Cider With Laurie
Monday, September 28, 2015
Add Comment
Some time in 1987 I walked past the Penguin Bookshop in Camden. (Imagine that, a bookshop just for penguins.) I looked in the window and saw a man in his seventies with glasses talking to two or three people round a table. A bottle of golden liquid appeared to take centre stage. So this is how I came to drink cider with Laurie Lee and he signed two copies of the Jubilee Penguin edition of his classic Cider with Rosie for me.The second copy he dedicated to my girlfriend, and if I remember rightly wrote something typically flirtatious next to his fountain pen signature.
So once again I looked through my fingers last night at the last of the BBC English Classic series that have played out over the last four weeks.Gradually I settled down to enjoy it, until during a scene quite early on the camera tracked across a row of schoolchildren reciting the Lord's prayer in the classroom, and they morphed into their older selves. And not just older, but in most cases almost mature adults, still in the same junior school room, still with the same teacher. I almost expected to see the buttons popping off their coarse jackets and smocks as they expanded.This was made even stranger when they gambolled and frolicked like their previous six year olds down to a designer icy pond. But I needn't have worried, they quickly found their short trousers and little frocks again and shrunk back to their small selves.
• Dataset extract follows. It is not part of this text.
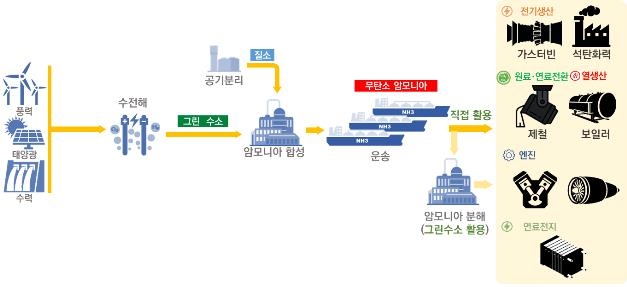 탄소중립 핵심 수단 '그린 암모니아' 기술개발 본격화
Was it all bad? Certainly not, mostly because of Samantha Morton as the mother, Archie Cox as a very passable Laurie Lee becoming the pipe smoking violin playing author and Timothy Spall as a superb narrator. When the director bothered to use him that is. Again, I don't want to make unfair comparisons, but I couldn't help thinking all the while about watching Claude Whatham's Cider with Rosie on Christmas Day 1971. With a screenplay by Hugh Whitemore and Laurie Lee himself.
Anyway we don't have to worry now in Unmitigated England about such things and we can get back to grubby 1939 railway tickets and tins of cocoa. And the landmark milestone of this coming Thursday, as you will see.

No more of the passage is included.